Parchemin de fondation de la Confrérie, 1466
Malheureusement, en dehors de cet acte de fondation, les documents conservés en lien avec la confrérie sont rares et ne nous permettent pas de retracer son histoire. Nous savons toutefois qu’elle est encore active au début du XIXe siècle sous le nom de « Confrérie des marteaux », qu’elle regroupe alors un plus grand nombre de corps de métiers (forgerons, maçons, serruriers, ébénistes, gens du verre, etc.) et s’étend au Valais central – Savièse, Nendaz, Isérables, Chamoson sont cités –, peutêtre à tout le canton33. Les livres de comptes de cette période montrent qu’elle participe à la vie publique en soutenant des œuvres de charité et qu’elle joue un rôle d’expertise dans le cadre des apprentissages, du moins pour certains corps de métier comme les forgerons. Bien des questions restent toutefois sans réponse : la confrérie exercet-elle un réel monopole ? Réglemente-t-elle l’apprentissage et les examens de maîtrise ? Les conditions d’adhésion évoluent-elles avec le temps ? Comment contrôle-t-elle l’activité des membres sur le territoire ? Entretient-elle des contacts avec les autres confréries ou corporations de Suisse romande et d’ailleurs ?

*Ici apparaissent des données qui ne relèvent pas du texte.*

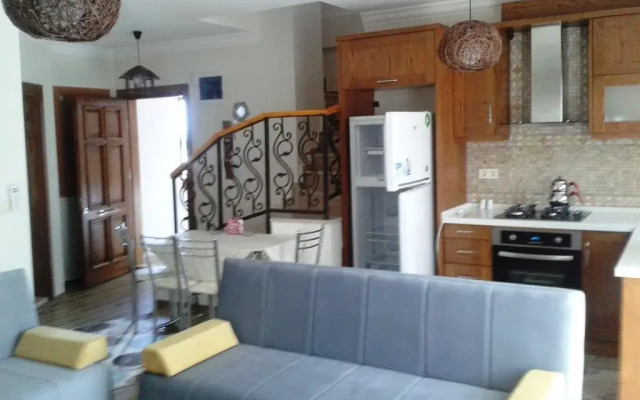 Salman Homes Akyaka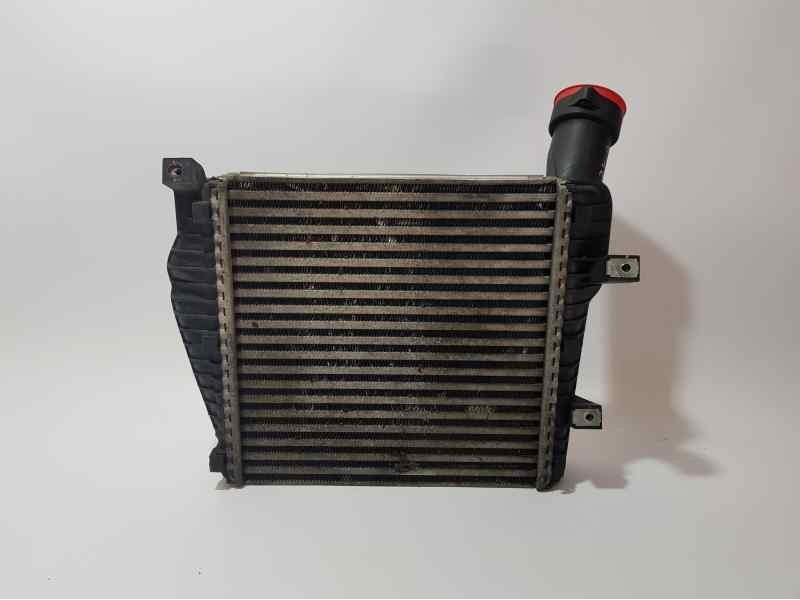 Recambio de intercooler para audi q7 (4l) 3.0 tdi v6 advance quattro (176kw) referencia OEM IAM 7L6145803C G4161002 BEHR IZQUIER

Nous ne savons pas avec certitude quand est dissoute la Confrérie des marteaux. La dernière attestation que nous ayons de son existence nous vient d’un décompte tenu en sa faveur par maître Jean-Joseph Andenmatten, sans doute procureur de la confrérie, en 1828. Elle s’éteint au plus tard en 1848, date à laquelle les fonds des diverses confréries professionnelles sédunoises sont affectés à l’instruction publique par le gouvernement radical qui prend le pouvoir après la guerre du Sonderbund34.
UN BÂTISSEUR VALAISAN AU XVIIIe SIÈCLE : JEAN-JOSEPH ANDENMATTEN Comme Jean Dunoyer avant lui, Jean-Joseph Andenmatten, maître maçon et architecte à Sion à la fin du XVIIIe siècle, fait partie des maîtres valaisans qui, par la qualité de leur travail, ont atteint une certaine notoriété. Né à Saas Balen en 1754, Jean-Joseph Andenmatten a 28 ans lorsqu’il demande au Conseil de Sion le droit d’y exercer sa profession en tant que maître maçon. Présentant son parcours à cette occasion, il explique avoir complété son métier par l’étude de l’architecture en autodidacte, par la visite de nombreuses églises du Haut-Valais et par l’étude de bases théoriques, notamment celle des cinq grands styles architecturaux. Il propose de prouver ses capacités par des dessins et des maquettes. En voyant ces réalisations, le Conseil s’étonne de tant de compétences et l’accepte comme maître à condition qu’il devienne habitant de la ville . Il construit sa propre maison, à la rue de Conthey, en 1786. Deux ans plus tard, toute une partie de la capitale est détruite par un incendie. Ce malheur lancera la carrière de notre maître maçon-architecte : il est le seul résident à pouvoir entreprendre les reconstructions. Au début du XIXe siècle, il gagne encore en notoriété en réalisant trois importants édifices religieux : l’église des Jésuites de Sion (1806-1815), l’église ronde de son village d’origine (1809-1812) et l’église d’Arbaz (1821)36.